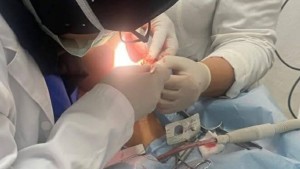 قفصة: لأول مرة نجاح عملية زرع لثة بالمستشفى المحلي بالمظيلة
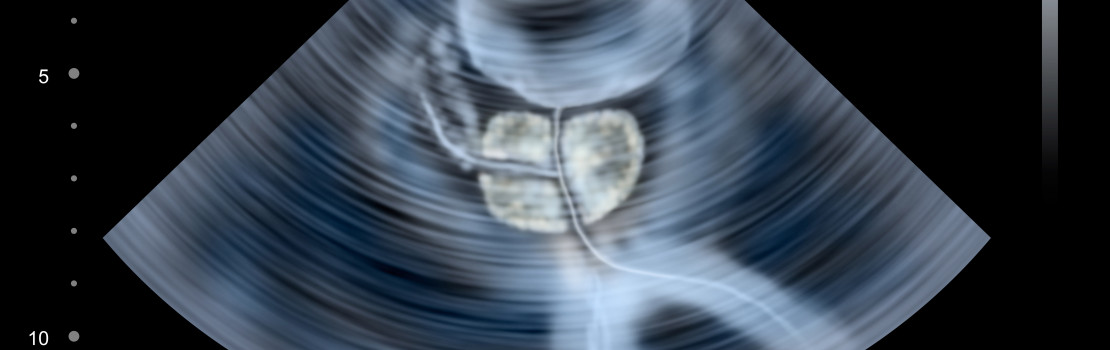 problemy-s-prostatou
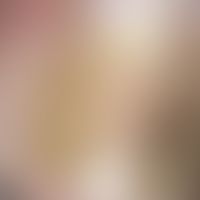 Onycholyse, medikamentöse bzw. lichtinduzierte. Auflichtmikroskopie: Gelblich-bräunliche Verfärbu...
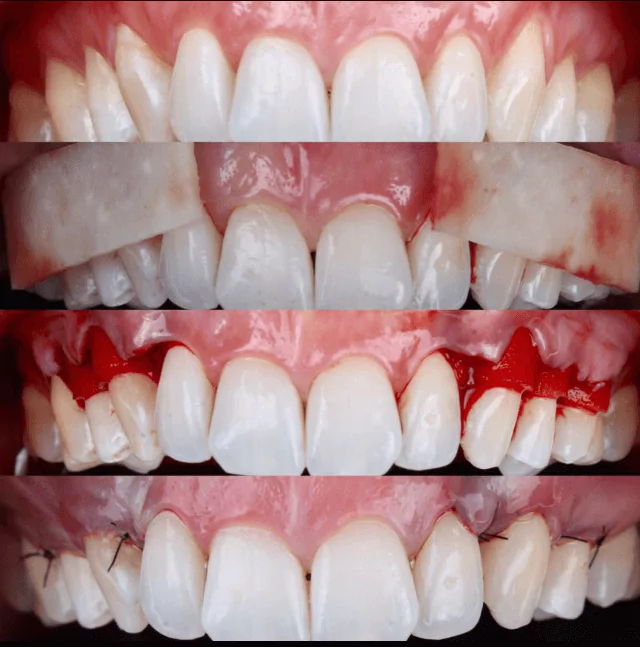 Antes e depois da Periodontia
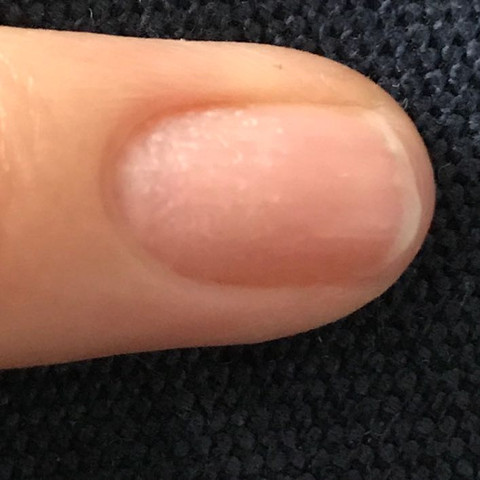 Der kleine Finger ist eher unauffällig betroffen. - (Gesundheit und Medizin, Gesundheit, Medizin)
::::::::::
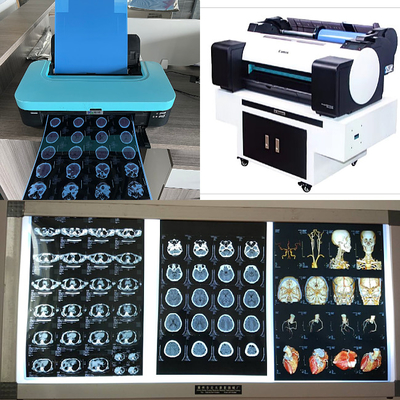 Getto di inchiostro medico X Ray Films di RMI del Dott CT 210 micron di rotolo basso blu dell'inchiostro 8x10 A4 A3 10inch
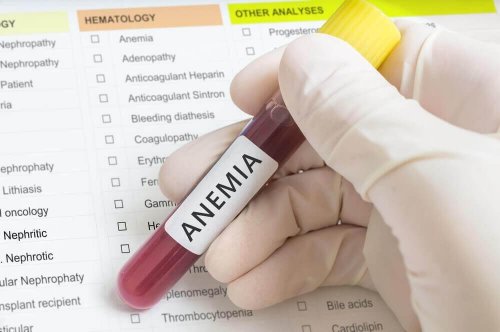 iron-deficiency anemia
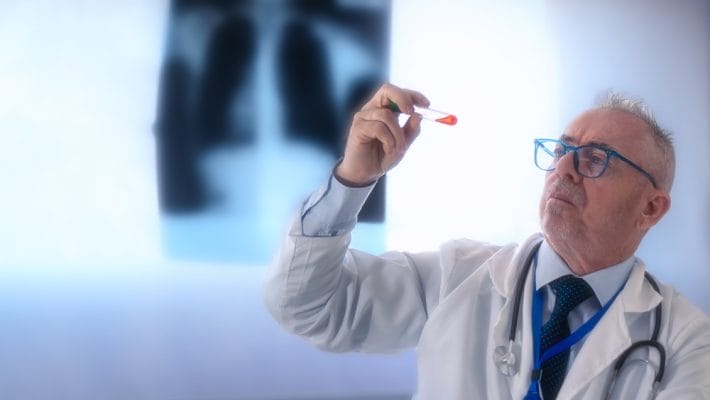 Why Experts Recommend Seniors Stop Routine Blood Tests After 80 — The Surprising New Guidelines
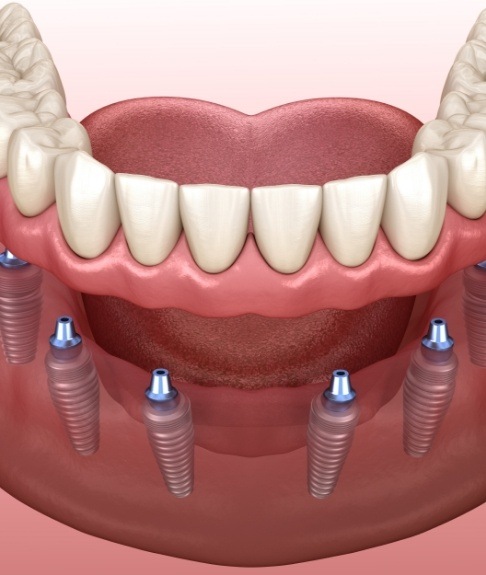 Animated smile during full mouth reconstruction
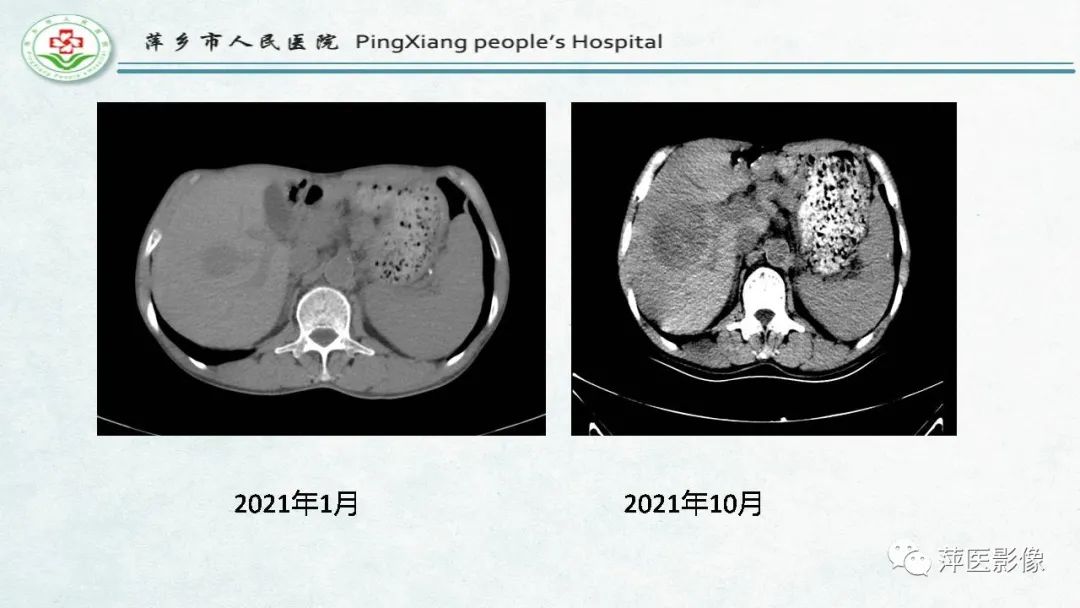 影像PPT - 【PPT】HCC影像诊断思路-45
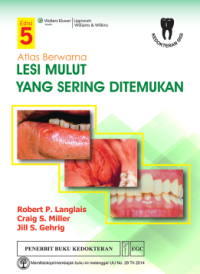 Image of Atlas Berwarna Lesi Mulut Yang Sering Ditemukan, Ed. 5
::::::::::
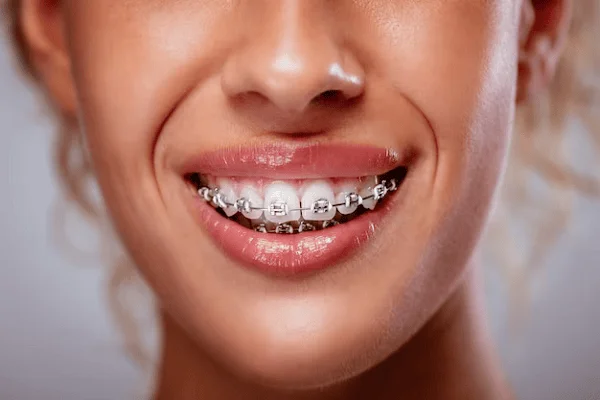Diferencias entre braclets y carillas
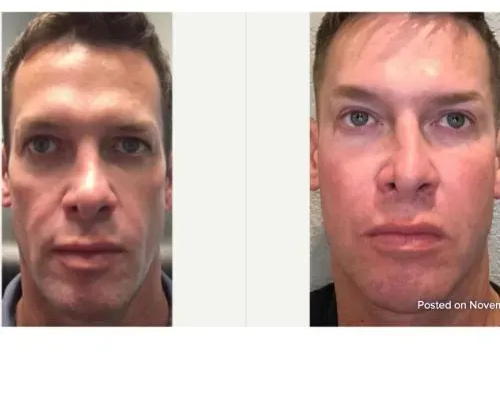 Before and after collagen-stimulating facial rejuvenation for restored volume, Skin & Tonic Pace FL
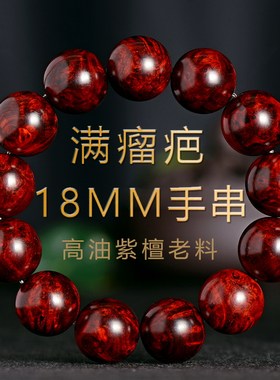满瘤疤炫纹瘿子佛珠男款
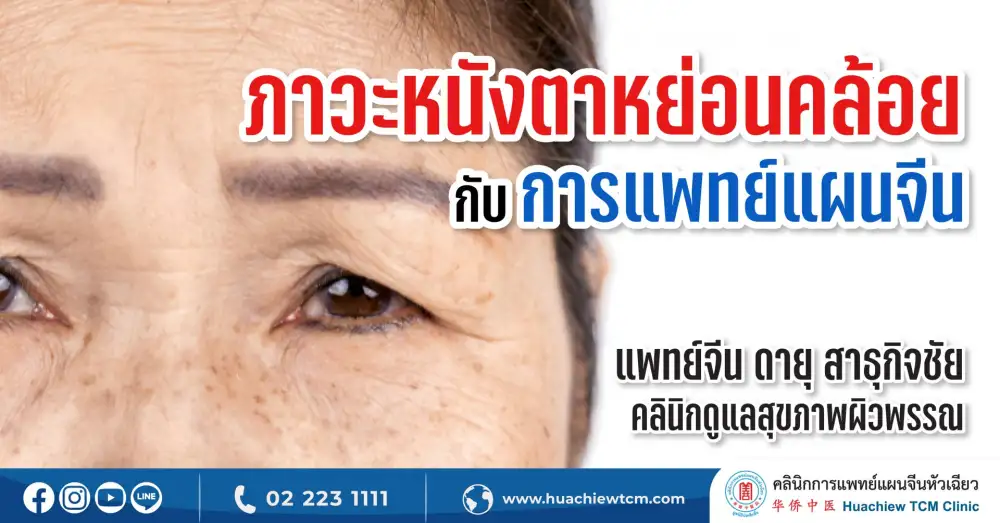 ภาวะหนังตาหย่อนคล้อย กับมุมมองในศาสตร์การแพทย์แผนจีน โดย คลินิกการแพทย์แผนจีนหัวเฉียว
::::::::::
### WHAT YOU NEED TO DO
Copy only what lies between the line with "iron-deficiency anemia" and the line with "Image of Atlas", those two lines included, exactly as given above; pictures stay out.

### RESPONSE
 iron-deficiency anemia
 Why Experts Recommend Seniors Stop Routine Blood Tests After 80 — The Surprising New Guidelines
 Animated smile during full mouth reconstruction
 影像PPT - 【PPT】HCC影像诊断思路-45
 Image of Atlas Berwarna Lesi Mulut Yang Sering Ditemukan, Ed. 5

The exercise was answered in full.